Le buone user stories sono INVEST

L’acronimo INVEST creato da Bill Wake nel 2003 è un trucco che i Product Owner possono utilizzare per ricordare le qualità di una buona user story.
Cosa significano le iniziali? Semplicissimo!

IndipendentIndipendenti

Quando le user stories non sono indipendenti tra loro possono produrre stime non corrette, vincoli di implementazione e potenziali rigidità nella pianificazione dei rilasci.
L’ideale è segmentare le storie in modo tale che possano essere implementate secondo qualsiasi ordine (qui ho parlato dei criteri di suddivisione).
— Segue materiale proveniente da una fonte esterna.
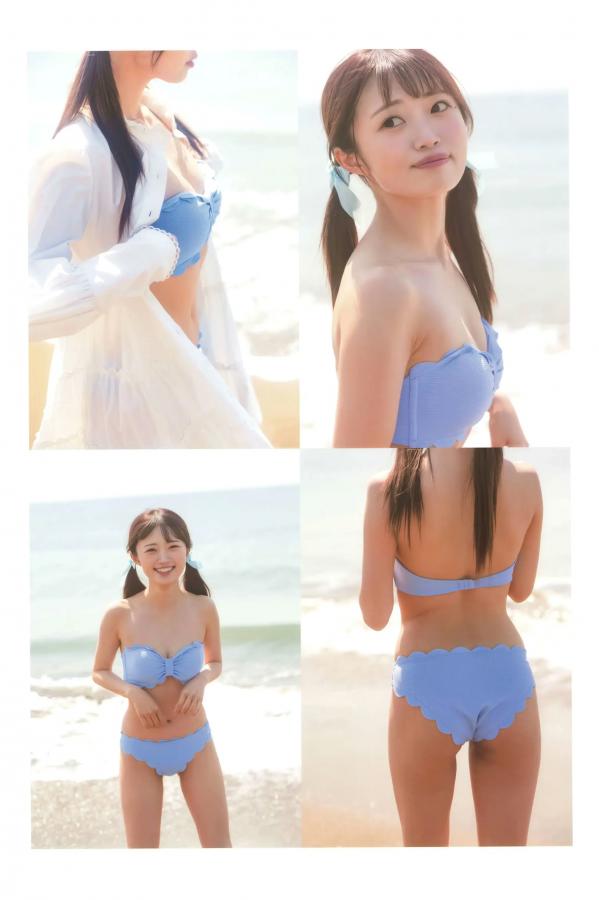 中井りか 中井里佳 中井りか《好きでした》日本清纯偶像甜美私房与哥特造型写真集 [84P]第58张图片
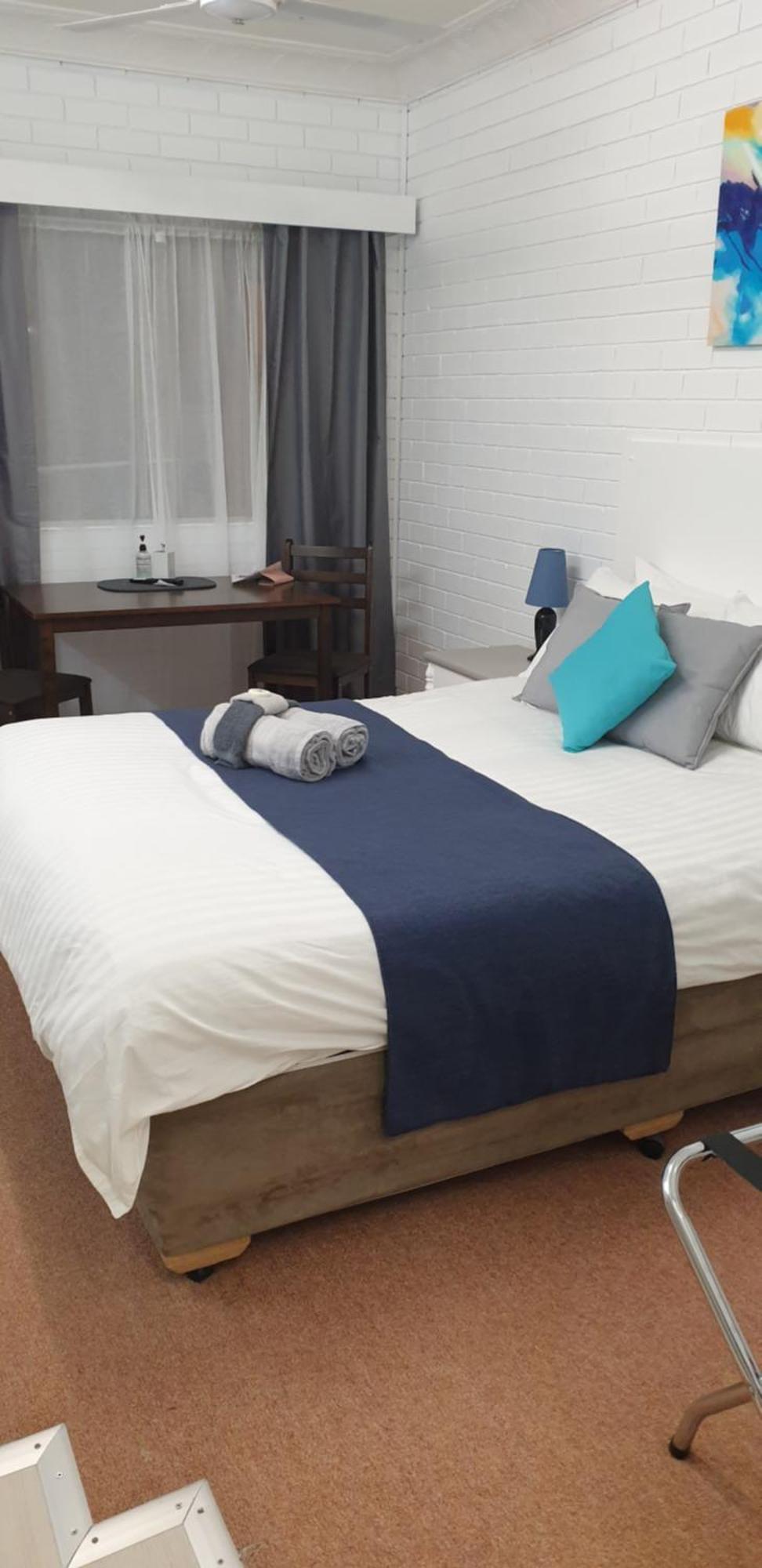 Jillaroo Motor Inn Glen Innes Eksteriør billede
Quando ci troviamo di fronte a delle dipendenze possiamo provare alcune soluzioni alternative:

  • combinare insieme le storie interessate (purché si possano concludere in uno sprint)
  • suddividerle in una maniera differente
  • segmentarle in storie più piccole.

Quando proprio non è possibile scrivere user stories indipendenti è meglio definire un ordine di implementazione e fornire stime differenti per la prima storia e le successive (ad esempio 3 punti per la prima e 1 per le successive).

NegotiableNegoziabili

Una delle qualità più apprezzabili delle user stories – dal mio punto di vista – sta nel fatto di non essere contratti scritti nella pietra una volta per sempre.
Le storie sono brevi descrizioni delle funzionalità desiderate. Catturano l’essenza di una richiesta, non le specifiche di dettaglio.

In Scrum la definizione dell’ambito di una storia (il cosidetto “scope”) non è come nel processo waterfall appannaggio esclusivo del project manager; i dettagli sono negoziabili e vengono negoziati perché emergono dai dialoghi tra il cliente, il product owner e il team.

La user story è un invito a conversazioni future.

ValuableDi valore

In un mondo ideale tutte le storie sono di valore per l’utente finale; nella realtà non è sempre così, ma è utile tenere a mente questa aspirazione e interrogarsi sul vero beneficiario della user story (a volte può essere il cliente che paga lo sviluppo software, il committente interno, lo sponsor, il reparto vendite o altri tipi di stakeholder).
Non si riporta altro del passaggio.